LONDON - Investment flows into gold in the week to Wednesday reached their highest in almost a year, as the metal trades at all-time peaks, prompting investors to shift funds from cash equivalents and stocks, Bank of America Global Research said Friday.

Inflows of $1.1 billion into gold funds were the most since May 2023, BofA said in its weekly roundup of flows in and out of world markets, which cites data from EPFR.

On Thursday, gold prices rose to the latest in a series of all-time highs.
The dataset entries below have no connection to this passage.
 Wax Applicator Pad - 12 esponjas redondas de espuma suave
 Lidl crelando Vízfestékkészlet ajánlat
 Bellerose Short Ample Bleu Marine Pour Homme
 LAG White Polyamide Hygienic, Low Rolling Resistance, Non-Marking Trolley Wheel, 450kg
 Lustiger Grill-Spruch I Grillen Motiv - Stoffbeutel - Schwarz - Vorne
As it does not bear interest, gold has been supported by expectations central banks will cut rates this year, lowering yields on other asset classes.
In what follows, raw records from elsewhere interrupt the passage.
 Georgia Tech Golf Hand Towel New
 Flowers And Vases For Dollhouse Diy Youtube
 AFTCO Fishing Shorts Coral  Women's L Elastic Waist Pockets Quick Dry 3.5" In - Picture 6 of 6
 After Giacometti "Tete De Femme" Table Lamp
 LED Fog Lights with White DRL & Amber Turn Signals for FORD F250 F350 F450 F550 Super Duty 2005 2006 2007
Meanwhile, cash, which has seen heavy inflows in recent weeks and months had a weekly outflow of $61.2 bln, the most since October 2023, BofA said.

Central banks' gradual shift towards cutting rates has underpinned market moves, BofA said, and that it explained why nominal assets, such as stocks and gold, were at all-time highs.

"Central banks (are) tolerant of higher inflation, intolerant of currency appreciation, anxious for a soft landing but also to alleviate the burden of a record $82 trillion of global government debt," the analysts wrote in a report.

This week markets became more confident rate cuts will happen this year.

The Federal Reserve on Wednesday kept rates steady but reiterated its projection that it will cut interest rates by 75 basis points by the end of the year.

On Thursday, the Bank of England said the British economy was heading in the right direction for cuts, and the Swiss National Bank surprised markets by cutting rates.

The BofA also flagged a $22 billion outflow from U.S. equities, the largest in more than a year for another asset class that had seen recent substantial inflows that helped to drive U.S. share benchmarks to all-time highs, and a $100 million outflow from crypto funds.